In Germany, the film was initially banned and then censored in 1926 and then censored again in 1928 and again in 1930 for a sound release. Scenes of mutiny and the famous Odessa Steps sequence were particularly targeted due to their graphic content.
The original 1926 cuts were made to the negative of the film, which had been brought by Eisenstein to Berlin. The negative was returned to Moscow sometime after 1933. Theories differ as to how and exactly when this occurred (the Russians fluttered their eyelids and said they had no idea) but the main point is that the negative that returned to Russian possession was one with at least three sessions of German cuts.
At some point, likely just after the negative was returned to Russia, the original introduction by Leon Trotsky was replaced with one by Vladimir Lenin. Trotsky, you will recall, ran afoul of Josef Stalin, was deported from Russia in 1929 and finally murdered in 1940 by a Stalinist agent.
The Soviets reissued the film in 1950 to mark its anniversary and new prints were almost certainly struck from the censored German negative. The film was once again tinkered with and new intertitles were written. (One of the titles to be eliminated was a condemnation of antisemitism.)
The Gerasimov Institute of Cinematography (VGIK) kept an impressive archive of stills from the production of Potemkin and they possessed a reel of film from the unedited print, the sequence on the Odessa Steps. The other reels were, apparently, lost during the Second World War. This lone reel was used as a source for additional footage inserted into the re-release, sans much of the blood and guts.
The film continued to receive footage from various sources but kept the sound film rerelease editing and shot sequence. In 1976, the film was released again with one of the most significant changes yet. The score for the film had been composed by Edmund Meisel in Germany under the guidance and direction of Eisenstein but it was deemed proper that a Russian composer should accompany a Russian film.
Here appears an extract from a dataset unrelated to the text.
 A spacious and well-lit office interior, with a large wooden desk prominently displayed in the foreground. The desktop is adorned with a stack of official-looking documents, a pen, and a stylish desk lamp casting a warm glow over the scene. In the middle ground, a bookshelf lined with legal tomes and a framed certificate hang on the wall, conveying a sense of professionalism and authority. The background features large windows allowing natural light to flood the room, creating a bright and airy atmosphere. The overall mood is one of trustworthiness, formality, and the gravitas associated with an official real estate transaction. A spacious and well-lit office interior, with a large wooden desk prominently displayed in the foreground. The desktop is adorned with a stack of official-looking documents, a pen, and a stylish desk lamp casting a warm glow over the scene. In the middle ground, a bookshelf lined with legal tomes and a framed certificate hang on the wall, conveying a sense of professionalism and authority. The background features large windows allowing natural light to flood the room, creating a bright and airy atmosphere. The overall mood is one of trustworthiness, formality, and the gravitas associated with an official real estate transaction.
Symphonies from Dmitri Shostakovich were selected as the ideal score for Potemkin. The problem? The Shostakovich music was slow moving and dreary (not a fan of dear Dmitri), which did not fit Eisenstein’s nimble editing. Rather than rearrange Shostakovich, the film was stretched out to accommodate the music. The frame rate was slowed, the intertitles were lengthened. The old print had decay and some of the splices were giving out. (Remember, films used to be physically sliced and cemented together.) The damage to the frames and splices meant cutting away even more frames and further altering Eisenstein’s precise editing. Image quality was also lost due to an imperfect transition to sound film.
All these may seem to be picayune complaints but remember that Battleship Potemkin is renowned for its editing. A frame or two may not sound like much but it can make all the difference between a cut being too rapid or too slow. Keep in mind, Eisenstein’s vision was one of constant rhythm. Removing frames or slowing the film disrupts that rhythm.
Lest we forget, Eisenstein’s style relied of micromanaging of every single visual element of his films. Nothing appears on screen without a purpose. Heavy layers of symbolism cloak his work. Thank goodness many of his personal notes survive for his more complicated films (like Ivan the Terrible) or we would be arguing about their meaning till doomsday.
So, we know for a fact that every cut, every frame of film was there for a reason and losing even a few of these precious frames would unbalance the movie. And this, of all silent films, was the one with its timing stretched out?
Most home video releases of Potemkin were taken from this 1976 release and they featured the Shostakovich score. It is the version that you probably had to watch in class.
This is where the 2005 restoration (the one released in the States by Kino Lober) comes into the tale. Thanks to prints in German and English holdings (including an uncensored German print), archivists were able to restore the film as closely as possible to Eisenstein’s original 1925 cut.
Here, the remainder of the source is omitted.